A January 11 National Review Online (NRO) column by Donald Luskin, NRO financial contributing editor and chief investment officer of Trend Macrolytics, LLC, falsely blamed the Social Security system for overall fiscal shortfalls of the federal government. He claimed that a "Social Security crisis" will begin in the year 2009, not because there will be any shortfall in that program, but because that is the year when the annual surplus in the Social Security trust fund -- the revenue it receives above the benefits it pays out over the course of the year -- is expected to begin to shrink. In other words, according to Luskin, this so-called "crisis" will exist in the system even though the size of the trust fund, which under current law is the amount of money available to pay current Social Security beneficiaries, will continue to grow.
To justify this claim of a "crisis," Luskin wrote:
According to the latest annual report of the Trustees of the Social Security Trust Funds, the surplus in 2004 was $64.4 billion dollars. It will be higher this year -- at $87.7 billion. The surplus will keep getting bigger and bigger through 2008, when it will reach $108 billion. Each year, that's more and more money that the federal government won't have to raise from the world capital markets. It's a captive audience of bond buyers -- and a growing one.

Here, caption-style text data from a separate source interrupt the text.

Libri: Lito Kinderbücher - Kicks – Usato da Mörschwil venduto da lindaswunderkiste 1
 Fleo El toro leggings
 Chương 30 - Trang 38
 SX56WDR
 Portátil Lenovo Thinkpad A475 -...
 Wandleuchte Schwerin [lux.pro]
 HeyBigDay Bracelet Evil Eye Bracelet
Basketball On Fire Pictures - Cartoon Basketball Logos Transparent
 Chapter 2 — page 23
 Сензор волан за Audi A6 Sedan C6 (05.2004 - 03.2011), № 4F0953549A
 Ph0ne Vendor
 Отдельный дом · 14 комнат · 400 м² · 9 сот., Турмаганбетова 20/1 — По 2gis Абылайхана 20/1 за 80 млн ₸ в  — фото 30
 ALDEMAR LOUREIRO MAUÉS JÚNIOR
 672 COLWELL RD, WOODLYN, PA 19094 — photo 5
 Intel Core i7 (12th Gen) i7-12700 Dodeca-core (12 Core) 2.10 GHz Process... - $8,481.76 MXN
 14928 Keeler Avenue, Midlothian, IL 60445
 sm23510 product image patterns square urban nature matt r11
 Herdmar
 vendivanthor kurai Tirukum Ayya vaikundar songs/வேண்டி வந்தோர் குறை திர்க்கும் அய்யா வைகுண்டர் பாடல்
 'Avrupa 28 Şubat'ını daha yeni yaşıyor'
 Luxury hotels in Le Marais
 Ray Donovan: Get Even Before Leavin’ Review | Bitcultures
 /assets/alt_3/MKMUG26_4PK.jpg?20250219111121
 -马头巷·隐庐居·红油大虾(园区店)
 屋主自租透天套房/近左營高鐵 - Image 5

But in 2009, just 5 years from now, the surplus will start to shrink. In 2009 it will fall to $103.7 billion, and in that year the federal government will have to go to the capital markets to raise $4.3 billion that it didn't have to raise the year before. That's not a lot of money in the grand governmental scheme of things. But it's an important turning point for Social Security -- it's the year the crisis begins.
Luskin is asserting that because what is commonly known as the "general fund" -- out of which non-Social Security expenditures by the federal government are paid -- is projected to run large and persistent deficits, and because some of these deficits are financed by borrowing from the Social Security trust fund, Social Security will be in "crisis" as soon the amount of federal deficits that can be financed in this way begins to shrink. According to Luskin, "Social Security will start to become a drag on the budget of the federal government in 2009" simply because it is predicted to offset the deficit of the rest of the federal government by a somewhat smaller amount than previously.
So, following Luskin's logic, if your brother lends you $1,000 this month, but can lend you only $800 next month, he will have become a "drag" on your finances.